Synopsis
Au moment de la sortie de
Rois et reine, Mathieu Amalric en expliquait le titre en évoquant la volonté forcenée d’Arnaud Desplechin de faire la démonstration que nos vies sont des romans. Ce pourrait être une clé pour comprendre cette
Aimée, qui ressemble à un banal film de famille, mais qu’une vision romanesque semble perpétuellement vouloir aspirer dans son champ magnétique. Dès le début du film, Desplechin ouvre une perspective, pose une profondeur de champ en toile de fond de la chronique intime, sobre et apparemment plate qui va suivre. Il évoque sous le nom "l’aimée" une femme, ayant visiblement eu un rôle fondamental dans sa vie, et qui a disparu en 2004. De cette "aimée"-là, nous ne saurons rien de plus. Tout le reste du film va en faire passer une autre au premier plan : la mère du père d’Arnaud Desplechin, morte de tuberculose alors qu’il n’avait que 2 ans. Dès lors, le film adopte la forme d’un palimpseste. La caméra passe sur des surfaces (une maison, des rues, des histoires, des thèmes et des motifs) où sont inscrites des couches successives de temps, de noms, de figures féminines, de réalité et de fiction. Et naturellement, tout cela se mélange, se hante et se contamine. Les images apparaissent les unes sous les autres, remontent les unes sur les autres. Mais ce sont des jeux de transparence. À première vue, la surface est claire, dépouillée, presque austère. Le dispositif n’a jamais rien de spectaculaire : Desplechin interroge son père, se livre avec lui à l’exhumation (parfois fastidieuse) de documents personnels ou administratifs, avant leur rangement dans des cartons (car la maison familiale vient d’être vendue). Tout ce que le réalisateur rajoute sur l’enregistrement brut de ces échanges (une musique, un extrait de film...) peut sembler n’être qu’un humble procédé pour dynamiser un plan ou combler un manque. Mais rien n’est laissé au hasard. La musique de B. Hermann propulse la caméra embarquée dans une voiture pour aller à quelques rues de là. Elle fait entrer du mystère et ouvre une trape sur les perspectives distordues de Vertigo. Quant aux extraits de
La Nuit du chasseur, ils intègrent dans la trame du film les visions mythologiques de l’enfance. Et puis il y a ces petites astuces qui font également apparaître le filigrane. L’ambiguïté initiale entourant l’appellation "l’aimée". Mais aussi cette séquence où Desplechin prend son père en photo à l’endroit précis où, petit enfant, il avait déjà été photographié.
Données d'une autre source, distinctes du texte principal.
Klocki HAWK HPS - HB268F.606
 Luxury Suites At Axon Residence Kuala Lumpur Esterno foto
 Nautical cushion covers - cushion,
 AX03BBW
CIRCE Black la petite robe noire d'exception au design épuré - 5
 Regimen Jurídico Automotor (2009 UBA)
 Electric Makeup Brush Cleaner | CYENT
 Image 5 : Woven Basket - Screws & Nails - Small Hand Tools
Ou bien ce constat étrange que l’on fait peu à peu : le film ne parle que des femmes de la famille, mais n’en montre que les hommes : Arnaud, son père, son cousin, les deux fils de celui-ci. Tout cela n’est pas normal. Ce n’est pas simple. La photo de famille est truquée. Le cadre ne montre que l’absence de ce qui est hors champ. Et dès lors, la recherche de la vérité devra se poursuivre sur le chemin de la fiction. Ainsi au-delà de son premier degré très intime, presque excluant et ennuyeux, le film se jette dans un second degré universel et fascinant.